Рисовое поле, через которое Хаджи-Мурату пришлось ехать, было все залито водой, превратилось в трясину. Пришлось укрыться в кустах. А потом толпы конных и пеших окружили беглецов.

«Поняв, что он окружен, Хаджи-Мурат высмотрел в середине кустов внизу старую канаву и решил засесть в ней и отбиваться, пока будут заряды и силы». Сделали насыпь, укрылись за ней и отстреливались. Все новые толпы их окружали, пули их «попадали в завал, но не попадали в людей, сидевших за завалом... Так продолжалось более часа».
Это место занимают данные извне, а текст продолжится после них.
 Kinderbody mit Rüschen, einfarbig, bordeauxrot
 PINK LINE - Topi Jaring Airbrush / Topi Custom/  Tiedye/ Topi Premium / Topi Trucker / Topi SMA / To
И вот произошло неизбежное — смертельная рана в бок. Хаджи-Мурат, «вырвав из бешмета кусок ваты, заткнул рану и продолжал стрелять... Он чувствовал, что умирает».

Пробегали в памяти воспоминания, казавшиеся теперь незначительными...

Вот он «собрал последние силы, поднялся из-за завала» и еще кого-то застрелил. Потом вылез совсем из ямы и с кинжалом пошел, «тяжело хромая, навстречу врагам».

В него опять стреляли, он упал. Но снова поднялась «окровавленная, без папахи, бритая голова, потом поднялось туловище, и, ухватившись за дерево, он поднялся весь. Он казался так страшен, что подбегавшие остановились». А уж когда он свалился окончательно, его били тяжелыми кинжалами по голове, топтали и резали. Отсекли голову и потом возили ее в мешке в качестве подтверждения его смерти. Это была голова бритая, «с разрубленным черепом, с окровавленным запекшейся черной кровью носом. Шея была замотана окровавленным полотенцем.

Несмотря на все раны головы, в складе посиневших губ было детское, доброе выражение».


Вот об этой истории напомнил истерзанный репей среди вспаханного поля.